Content starts

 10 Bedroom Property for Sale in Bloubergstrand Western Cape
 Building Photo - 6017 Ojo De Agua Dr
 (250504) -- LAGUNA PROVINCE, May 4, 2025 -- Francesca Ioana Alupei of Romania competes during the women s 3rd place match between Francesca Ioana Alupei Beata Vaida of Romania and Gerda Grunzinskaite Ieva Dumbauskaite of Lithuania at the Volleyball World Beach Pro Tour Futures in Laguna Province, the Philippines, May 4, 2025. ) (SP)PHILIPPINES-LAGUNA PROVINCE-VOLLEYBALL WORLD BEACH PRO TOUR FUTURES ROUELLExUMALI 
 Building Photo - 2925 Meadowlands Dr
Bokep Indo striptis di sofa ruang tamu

Content ends
Content starts

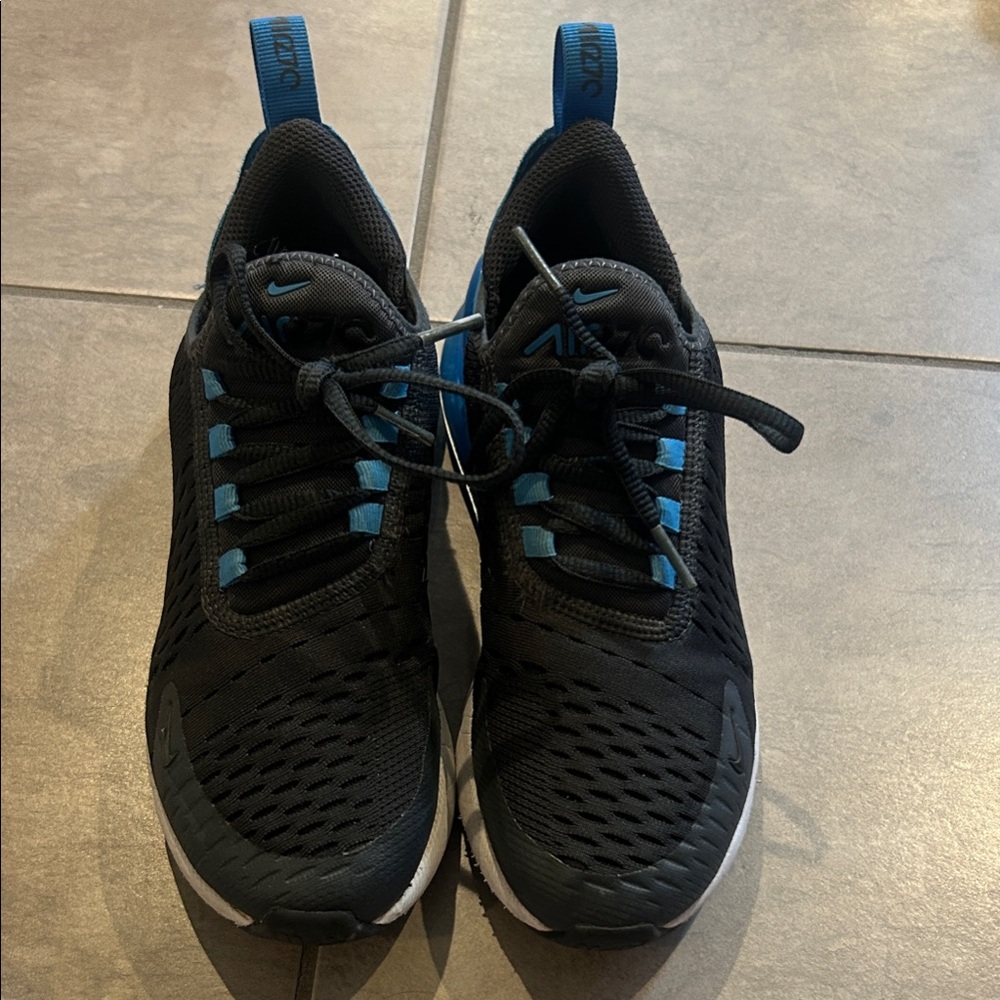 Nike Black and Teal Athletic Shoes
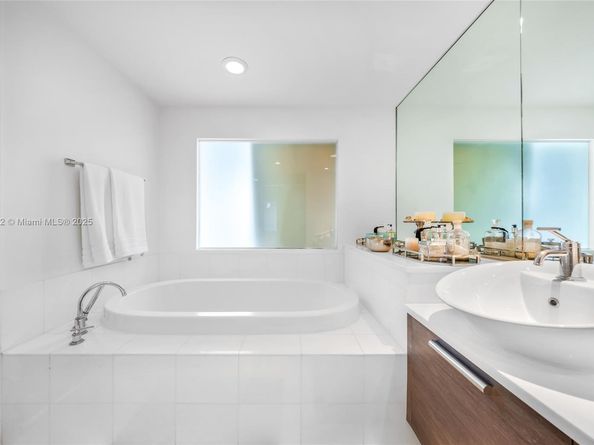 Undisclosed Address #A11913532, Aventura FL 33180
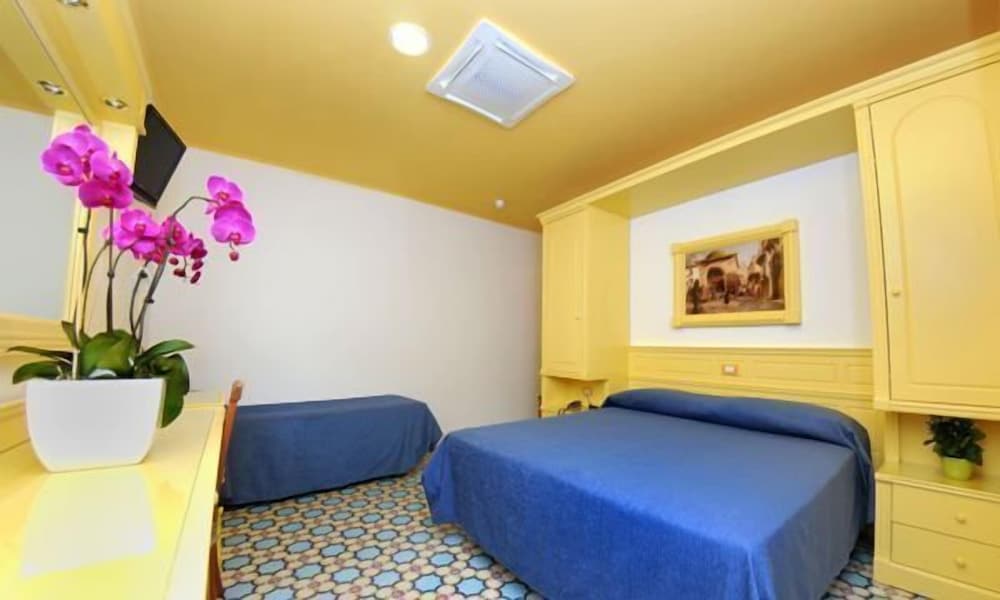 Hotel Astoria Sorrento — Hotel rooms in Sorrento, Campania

Content ends

### Task item
Look over the records. Copy the lines that include the word "Photo".

### Your response
 Building Photo - 6017 Ojo De Agua Dr
 Building Photo - 2925 Meadowlands Dr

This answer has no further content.